Psychological mechanisms develop by maximising what will optimise our survival, which will be definitive of our future natural dispositions, but something has changed in our environment which has caused defiance to certain developed psychological mechanisms.  This defiance took manifest in feminism (for example).

One psychological mechanism which both male and females have developed is attraction. In the largest survey of its day, looking into the habits of what males and females find attractive in the other sex, (buss, D.M. (1994a). the strategies of human mating, American scientist, 82, 238-249), this survey was done over six continents, over 10,000 subjects, from Nigeria to Japan and showed that women rank financial resources 150% more important then males in finding a long term partner attractive.  This would make sense as a male who can provide an abundance of food for this female and possible child will increase their survival prospects.  Women who attracted good hunters would have been more successful in surviving and breeding then women who didn't and thus the psychological state of attraction is mechanically joined with a successful male. In short resource access causes attraction in women.

But given our now advanced science and agriculture, do women still rely on males to provide in the same way?
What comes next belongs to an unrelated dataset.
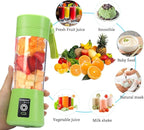 Portable Electric USB Juicer Blender Cup, Mini Blender for Shakes and Smoothies, Juice - 380ml, Six Blades, Green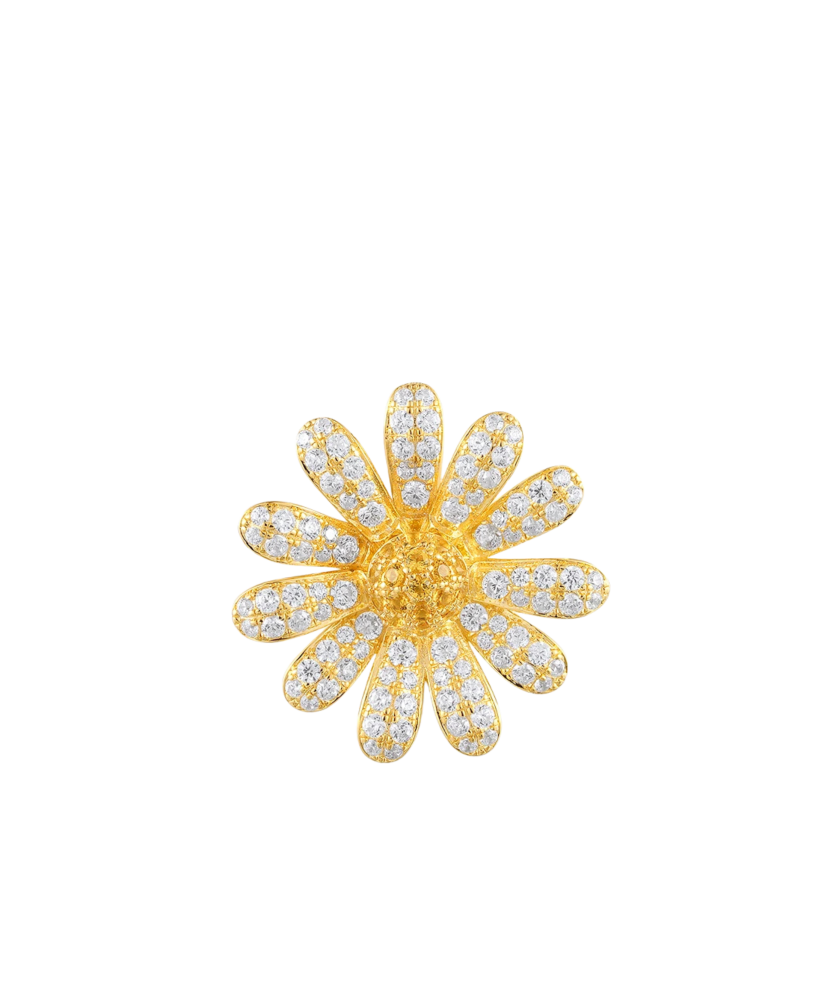 Кольцо из золочёного серебрасо шпинелями и фианитами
For example the sex disqualification act of 1919 allowed women to work and divorce  men and as we have grown, women now have a strong presence in the work place and gain highly powerful and respected jobs.  It seems analogous to the fear of snakes, a evolutionary lag in attraction is still present but is changing.

The natural environment hasn't changed but the social environment has and not necessarily in a evolutionary beneficial form, the idea of a women earning more then the male, at least 50 years ago and before, may have been off-putting to other possible mates as they would be emasculated, yet the feminist force has continued pushing against evolutionary mechanisms. 

Feminism can be seen as a reaction to evolutionary psychological mechanisms in the sense that the dependence on the males is caused by out-dated social structures, and in this sense feminism is progressive, but a more profound transition has occurred in this defiance to psychology.  Evolutionary influences give rise to automaton women or, as Simone de Beauvoir would have said, psychological mechanisms are responsible for women's state of immanence, and so there is an existential shift, affirming being and not automaton instinct, allowing choice instead of doing what is required to survive and as women becomes more successful it seems reasonable that attraction to wealth, will be displaced to other factors, perhaps creating a turn towards intelligence, wit and honesty.

But in summary, our sociability is moving to point that is causing a choice based on being and not reflex survival mechanisms, re-defining psychological states that will affect change in human nature.  It is interesting that the more independent we are of mother nature, the more independent humans are, becoming existentially authentic in choice, allowing decisions to be made by self reflection and not mere mechanisms. It shows we are moving away from what Darwinian evolution distilled in our physiological and psychological make up and entering a phase which is unknown to us.